Advanced Belle II Software Validation

The Belle II Software suite is the custom software tasked with handling the simulation, reconstruction and analysis of the data coming in from the Belle II detector. To keep pace with the current research and technological evolutions, the code undergoes constant changes, to optimize the algorithms for better physics performance and to ensure resource efficiency.

The Belle II software has had several monitoring schemes implemented so far, along with a high-level validation tool. This tool runs on existing large datasets producing distribution plots of quantities relevant for physics analyses and displaying the results on a webpage.
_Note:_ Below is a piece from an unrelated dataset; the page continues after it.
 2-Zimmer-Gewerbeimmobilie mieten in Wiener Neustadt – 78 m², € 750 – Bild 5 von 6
This project seeks to enhance the user experience of the Belle II software validation page and make workflows more efficient with appropriate technical solutions.

Problem Outline

These are the things that can be improved upon, in the existing system.
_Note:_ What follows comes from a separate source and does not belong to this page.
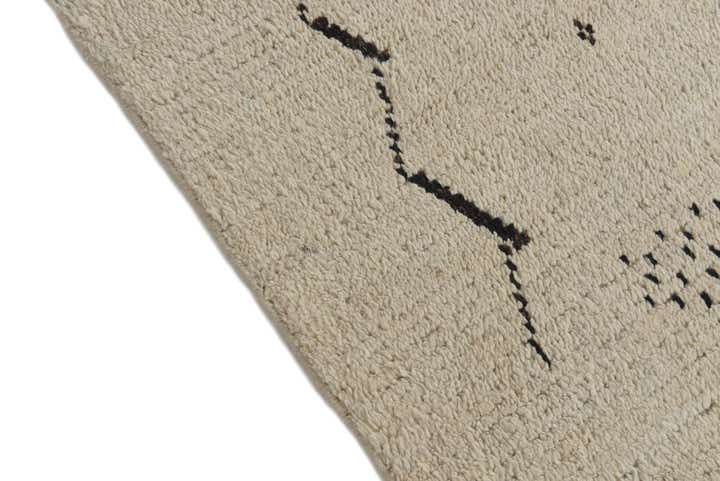 8' 2 x 10' 5 Hand Knotted Moroccan Wool Rug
Proper tracking of degradation history with the help of bookkeeping software.
Having references inside plots generated by the validation system.
Make it easier to find associated artefacts to encourage reuse.
Provide developers with more information about failures found to help with root cause analysis.

Project Progression

Local base

Initial days were spent setting up the basf2 software in the local system to be able to run the validation tool, host a local validation server and as well as to develop the code. Relevant data files were also obtained that are necessary inputs for certain validation modules. Finally, a GitLab project was set up to mimic the production project and to be a playing field to test initial implementations.

Code review

Whilst the base was being built on the sideline the existing implementation review was underway. The first aim was to get a birds-eye view of the overall system and then do a deep dive into the relevant modules, and identify the modules of interest. Time was also spent familiarizing myself with the software development and coding conventions.

CherrPy meets GitLab

Two of the key tech that will feature throughout the work are CherryPy and GitLab, so a good amount of time was spent understanding and then getting hands dirty with trying and testing the integration of the two, which is key for the bulk of the improvements planned. With that, the first task undertaken was to extend details displayed along with plots of validation runs to include a list of relevant issues. A couple of features have also been added that would allow the reviewer of the results to directly create issues from the plot display window or update existing relevant issues in GitLab.

linked_issue_update

Plot/logfile endpoints

As a part of validation run result processing, emails are sent out for failed scripts/plots to the respective module owners. Apart from a brief summary regarding the plot/script responsible for the future, only links to the homepage of the validation was provided, forcing people to scour through the results to find the image of the failed plot/log file of the failed script. Modifications made to the mail-utils now will allow the mail-bot to include direct links to the relevant plots/script log files making it easier for the module owners to inspect and analyse what went wrong.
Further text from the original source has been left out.